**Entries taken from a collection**

'''

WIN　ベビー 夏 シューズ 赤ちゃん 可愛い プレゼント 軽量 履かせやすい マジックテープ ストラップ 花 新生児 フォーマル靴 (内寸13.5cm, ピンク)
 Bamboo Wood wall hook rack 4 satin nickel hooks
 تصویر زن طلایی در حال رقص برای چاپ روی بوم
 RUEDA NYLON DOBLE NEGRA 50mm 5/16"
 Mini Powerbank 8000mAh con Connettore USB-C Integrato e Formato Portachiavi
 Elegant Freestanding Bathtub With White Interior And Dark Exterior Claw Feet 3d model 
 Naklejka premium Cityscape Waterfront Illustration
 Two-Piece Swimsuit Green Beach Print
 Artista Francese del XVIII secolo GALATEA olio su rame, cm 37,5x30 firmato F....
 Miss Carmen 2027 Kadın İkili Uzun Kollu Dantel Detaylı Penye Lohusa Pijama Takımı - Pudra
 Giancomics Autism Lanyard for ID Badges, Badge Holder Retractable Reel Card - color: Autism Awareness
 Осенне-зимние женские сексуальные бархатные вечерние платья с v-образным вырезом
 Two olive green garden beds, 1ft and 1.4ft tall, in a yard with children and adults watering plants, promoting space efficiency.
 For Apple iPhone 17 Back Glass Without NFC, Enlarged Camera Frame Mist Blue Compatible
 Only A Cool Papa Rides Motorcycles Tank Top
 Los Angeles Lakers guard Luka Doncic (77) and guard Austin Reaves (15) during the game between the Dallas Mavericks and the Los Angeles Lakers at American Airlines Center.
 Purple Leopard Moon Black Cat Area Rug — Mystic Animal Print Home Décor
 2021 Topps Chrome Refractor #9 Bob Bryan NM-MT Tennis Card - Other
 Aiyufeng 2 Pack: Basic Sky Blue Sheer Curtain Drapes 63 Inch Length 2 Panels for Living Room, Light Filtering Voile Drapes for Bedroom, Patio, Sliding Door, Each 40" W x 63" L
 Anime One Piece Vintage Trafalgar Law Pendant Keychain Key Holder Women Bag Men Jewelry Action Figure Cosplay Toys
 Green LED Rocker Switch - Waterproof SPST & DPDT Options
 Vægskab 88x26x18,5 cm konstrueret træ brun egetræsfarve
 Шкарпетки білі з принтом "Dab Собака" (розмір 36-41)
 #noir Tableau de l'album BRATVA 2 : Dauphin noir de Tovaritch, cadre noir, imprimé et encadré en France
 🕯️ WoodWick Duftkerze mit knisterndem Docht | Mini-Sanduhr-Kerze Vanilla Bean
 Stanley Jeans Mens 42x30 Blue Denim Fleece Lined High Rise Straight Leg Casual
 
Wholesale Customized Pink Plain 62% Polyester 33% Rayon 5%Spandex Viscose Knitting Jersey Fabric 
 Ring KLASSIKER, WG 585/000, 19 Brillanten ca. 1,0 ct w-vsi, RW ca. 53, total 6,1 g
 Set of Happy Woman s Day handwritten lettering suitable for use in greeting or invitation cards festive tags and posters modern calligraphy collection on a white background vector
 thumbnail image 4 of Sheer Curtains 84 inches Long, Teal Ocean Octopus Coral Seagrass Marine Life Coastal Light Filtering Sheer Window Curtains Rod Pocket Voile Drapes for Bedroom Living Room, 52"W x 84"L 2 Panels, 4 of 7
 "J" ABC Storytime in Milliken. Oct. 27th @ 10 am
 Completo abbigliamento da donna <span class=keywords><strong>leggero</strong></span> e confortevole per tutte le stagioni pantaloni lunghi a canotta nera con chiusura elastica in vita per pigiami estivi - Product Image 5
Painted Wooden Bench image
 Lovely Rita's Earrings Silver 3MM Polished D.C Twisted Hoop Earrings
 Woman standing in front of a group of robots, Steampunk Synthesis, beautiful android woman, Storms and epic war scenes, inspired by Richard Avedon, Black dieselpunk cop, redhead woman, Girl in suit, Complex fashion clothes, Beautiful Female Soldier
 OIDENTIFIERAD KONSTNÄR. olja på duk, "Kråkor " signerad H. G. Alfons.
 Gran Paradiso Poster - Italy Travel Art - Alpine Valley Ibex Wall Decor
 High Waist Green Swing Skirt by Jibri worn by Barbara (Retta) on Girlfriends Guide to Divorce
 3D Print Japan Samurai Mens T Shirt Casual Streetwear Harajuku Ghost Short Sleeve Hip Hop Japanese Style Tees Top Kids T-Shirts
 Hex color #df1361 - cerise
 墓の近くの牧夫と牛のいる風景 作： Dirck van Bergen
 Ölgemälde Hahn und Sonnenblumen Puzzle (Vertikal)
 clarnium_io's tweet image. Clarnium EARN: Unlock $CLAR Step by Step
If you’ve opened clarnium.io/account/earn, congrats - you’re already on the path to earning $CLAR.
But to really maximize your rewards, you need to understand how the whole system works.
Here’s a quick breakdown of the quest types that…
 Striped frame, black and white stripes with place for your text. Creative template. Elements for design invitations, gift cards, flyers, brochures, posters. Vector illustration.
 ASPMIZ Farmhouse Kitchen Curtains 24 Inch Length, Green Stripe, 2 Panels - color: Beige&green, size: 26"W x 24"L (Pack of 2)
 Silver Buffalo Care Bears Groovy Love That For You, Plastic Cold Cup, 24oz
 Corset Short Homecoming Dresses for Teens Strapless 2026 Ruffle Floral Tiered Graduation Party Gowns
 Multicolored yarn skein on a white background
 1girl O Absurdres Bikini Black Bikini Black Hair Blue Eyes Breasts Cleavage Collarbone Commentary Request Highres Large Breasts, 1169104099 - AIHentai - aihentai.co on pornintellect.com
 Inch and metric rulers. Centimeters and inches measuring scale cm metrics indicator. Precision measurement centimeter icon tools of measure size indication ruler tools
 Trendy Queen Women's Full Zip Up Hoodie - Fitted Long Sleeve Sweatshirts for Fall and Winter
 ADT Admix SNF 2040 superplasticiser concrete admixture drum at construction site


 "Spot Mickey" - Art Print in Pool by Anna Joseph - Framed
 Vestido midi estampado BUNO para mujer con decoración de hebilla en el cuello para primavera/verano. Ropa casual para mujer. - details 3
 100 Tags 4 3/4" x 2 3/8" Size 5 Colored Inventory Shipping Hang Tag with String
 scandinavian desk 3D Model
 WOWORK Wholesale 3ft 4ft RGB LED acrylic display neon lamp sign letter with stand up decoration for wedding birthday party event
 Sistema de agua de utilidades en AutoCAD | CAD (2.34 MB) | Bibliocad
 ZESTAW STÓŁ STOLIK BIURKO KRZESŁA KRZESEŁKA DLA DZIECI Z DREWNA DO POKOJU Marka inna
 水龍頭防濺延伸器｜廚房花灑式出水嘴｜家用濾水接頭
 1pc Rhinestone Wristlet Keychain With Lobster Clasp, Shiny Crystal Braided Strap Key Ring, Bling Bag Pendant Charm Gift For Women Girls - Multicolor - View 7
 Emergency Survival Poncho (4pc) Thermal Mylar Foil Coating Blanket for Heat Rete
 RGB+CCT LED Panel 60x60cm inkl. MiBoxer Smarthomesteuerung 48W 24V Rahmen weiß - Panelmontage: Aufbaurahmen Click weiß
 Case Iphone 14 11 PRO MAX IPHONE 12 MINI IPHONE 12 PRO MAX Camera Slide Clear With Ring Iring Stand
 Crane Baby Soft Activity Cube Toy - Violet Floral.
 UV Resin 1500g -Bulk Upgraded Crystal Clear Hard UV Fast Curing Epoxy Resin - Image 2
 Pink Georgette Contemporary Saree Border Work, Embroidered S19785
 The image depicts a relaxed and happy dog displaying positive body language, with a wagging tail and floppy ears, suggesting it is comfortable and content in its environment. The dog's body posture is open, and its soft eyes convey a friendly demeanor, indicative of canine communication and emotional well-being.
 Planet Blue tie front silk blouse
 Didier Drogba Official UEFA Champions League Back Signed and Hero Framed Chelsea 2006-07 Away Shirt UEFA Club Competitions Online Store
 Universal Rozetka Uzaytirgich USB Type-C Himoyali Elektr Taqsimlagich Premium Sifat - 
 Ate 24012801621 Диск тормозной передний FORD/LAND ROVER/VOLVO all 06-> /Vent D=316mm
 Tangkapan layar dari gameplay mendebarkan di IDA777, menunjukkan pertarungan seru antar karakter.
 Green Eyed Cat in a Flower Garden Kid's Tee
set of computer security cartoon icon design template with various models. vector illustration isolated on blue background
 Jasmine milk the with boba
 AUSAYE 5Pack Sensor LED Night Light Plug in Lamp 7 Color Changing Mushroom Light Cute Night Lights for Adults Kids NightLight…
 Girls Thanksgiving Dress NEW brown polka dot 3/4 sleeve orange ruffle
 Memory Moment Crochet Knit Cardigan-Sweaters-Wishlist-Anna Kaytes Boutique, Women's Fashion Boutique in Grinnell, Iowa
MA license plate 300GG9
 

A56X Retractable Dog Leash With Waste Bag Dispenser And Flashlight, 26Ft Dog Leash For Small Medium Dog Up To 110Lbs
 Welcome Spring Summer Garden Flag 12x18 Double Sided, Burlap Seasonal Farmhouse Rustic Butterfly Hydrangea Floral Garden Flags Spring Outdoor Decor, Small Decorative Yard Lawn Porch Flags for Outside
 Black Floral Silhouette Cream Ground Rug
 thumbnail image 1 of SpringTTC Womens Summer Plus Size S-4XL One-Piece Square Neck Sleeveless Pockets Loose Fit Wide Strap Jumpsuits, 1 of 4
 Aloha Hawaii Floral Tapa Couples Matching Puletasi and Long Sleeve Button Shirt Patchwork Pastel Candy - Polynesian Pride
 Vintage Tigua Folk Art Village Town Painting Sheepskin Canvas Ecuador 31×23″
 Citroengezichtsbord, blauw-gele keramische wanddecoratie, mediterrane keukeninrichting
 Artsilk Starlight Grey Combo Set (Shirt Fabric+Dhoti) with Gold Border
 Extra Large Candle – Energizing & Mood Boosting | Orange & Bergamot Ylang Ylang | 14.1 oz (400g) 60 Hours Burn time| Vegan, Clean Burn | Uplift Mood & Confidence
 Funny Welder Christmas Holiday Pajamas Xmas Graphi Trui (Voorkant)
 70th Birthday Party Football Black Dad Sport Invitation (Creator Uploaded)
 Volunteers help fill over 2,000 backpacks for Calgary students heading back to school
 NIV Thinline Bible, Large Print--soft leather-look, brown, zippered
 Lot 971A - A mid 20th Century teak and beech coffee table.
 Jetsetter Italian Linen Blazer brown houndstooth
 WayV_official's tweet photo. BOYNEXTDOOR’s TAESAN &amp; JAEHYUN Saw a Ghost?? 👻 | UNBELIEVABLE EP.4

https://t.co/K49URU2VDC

'''

**Task directions**
Going down from the first line of the entries above, restate each line word for word until the line holding "Mini Powerbank 8000mAh" is done.

**Output for this task**
WIN　ベビー 夏 シューズ 赤ちゃん 可愛い プレゼント 軽量 履かせやすい マジックテープ ストラップ 花 新生児 フォーマル靴 (内寸13.5cm, ピンク)
 Bamboo Wood wall hook rack 4 satin nickel hooks
 تصویر زن طلایی در حال رقص برای چاپ روی بوم
 RUEDA NYLON DOBLE NEGRA 50mm 5/16"
 Mini Powerbank 8000mAh con Connettore USB-C Integrato e Formato Portachiavi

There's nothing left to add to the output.